DVDXCopy2.com, appears to have mirrored some of the content once found on the 321 Studios website, including images and endorsements from various computer magazines and review sites. Web browsers accessing the site's "secure server" did not detect the use of any form of encryption, however, possibly implying that the site is not legitimate.
The site is registered to an "admin" email address at DVDXcopy.com, one of the URLs used to sell the 321 Studios DVD ripping software. A lookup of the registration information reveals that the site's tech contact is Doff Wu, also listed in conjunction with a Taipei address. Wu could not be contacted at press time for comment.
321 Studios closed down last week, bringing to an end nearly two years of legal battles with Hollywood studios which felt the software was in violation of federal law. In February, the company was barred from selling its DVD copying engine, and the site posted a notice saying that it could no longer continue.

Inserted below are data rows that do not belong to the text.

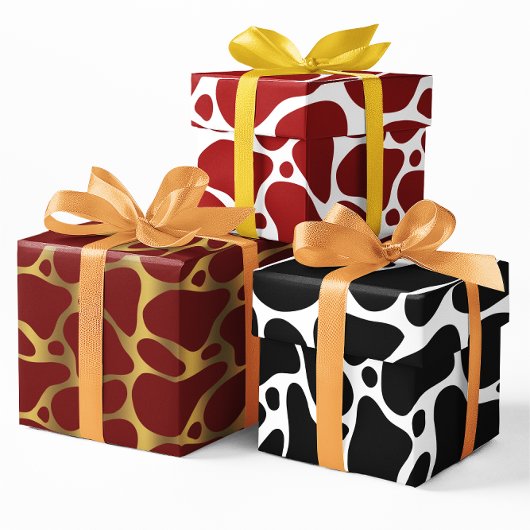 3色の抽象芸術キリン模様 ラッピングペーパーシート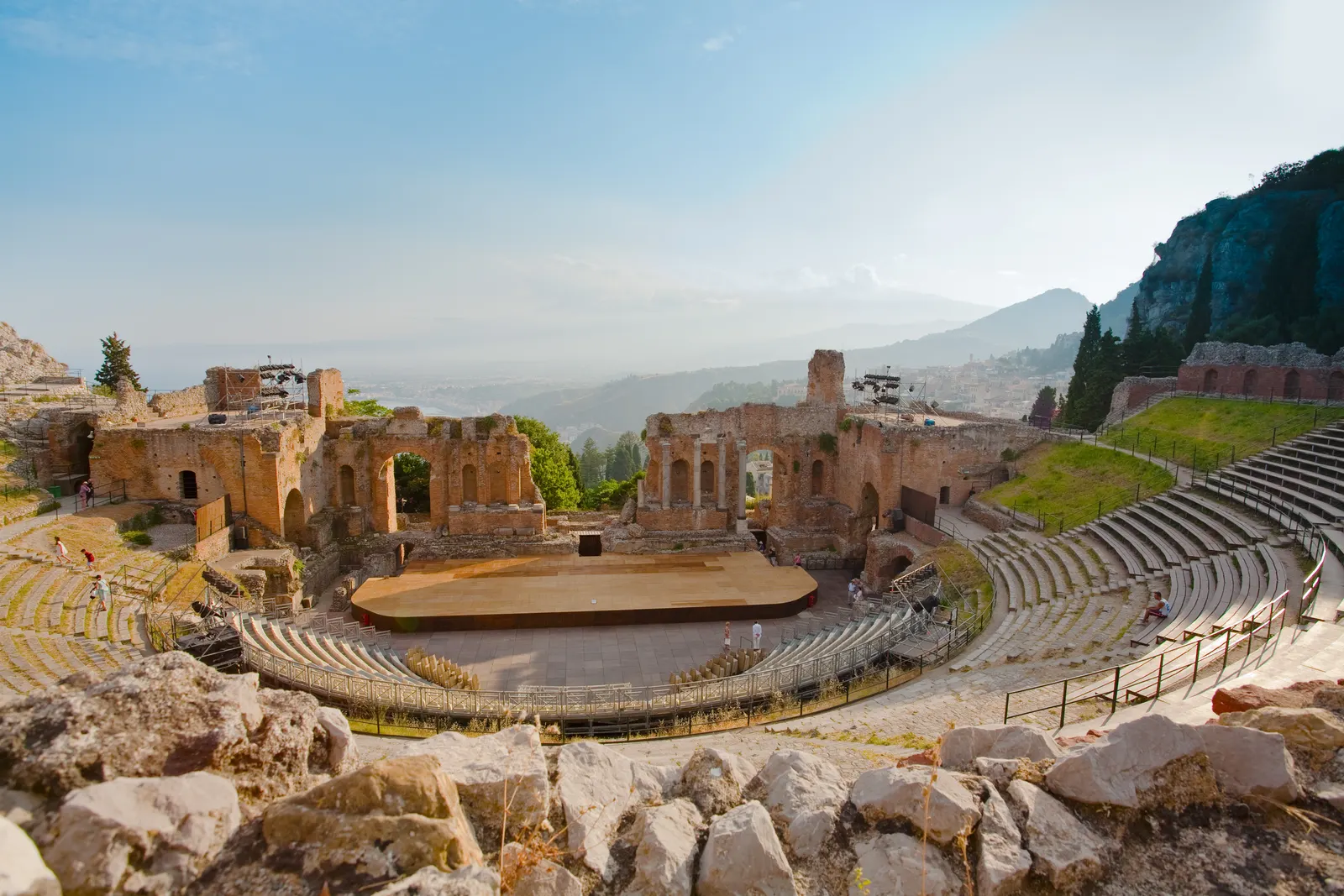 Antique amphitheater Teatro Greco in Taormina, Sicily, Italy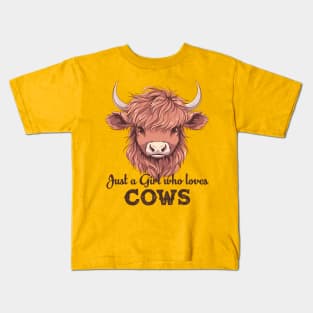 Just A Girl Who Loves Cows Kids T-Shirt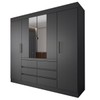 Guarda-Roupa Casal Honey 4 Portas 6 Gavetas com Espelho Preto/Amêndola - Panorama Móveis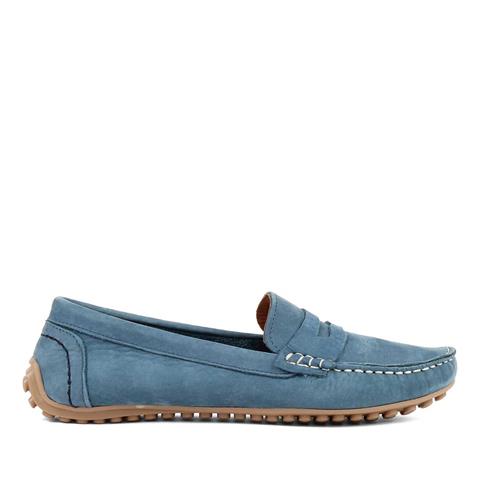 Kadın Mavi Nubuk Deri Loafer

321's legal battles began in early 2002, when the Motion Picture Association of America (MPAA) accused the company of selling piracy software in violation of the Digital Millennium Copyright Act and threatened legal action. A representative for the MPAA could not be contacted for comment by press time.
Now, the remaining 321 Studios inventory is being sold by Jambalaya Brands, which is not only offering a range of software products but also kitschy giveaways, such as keychains and thermal mugs.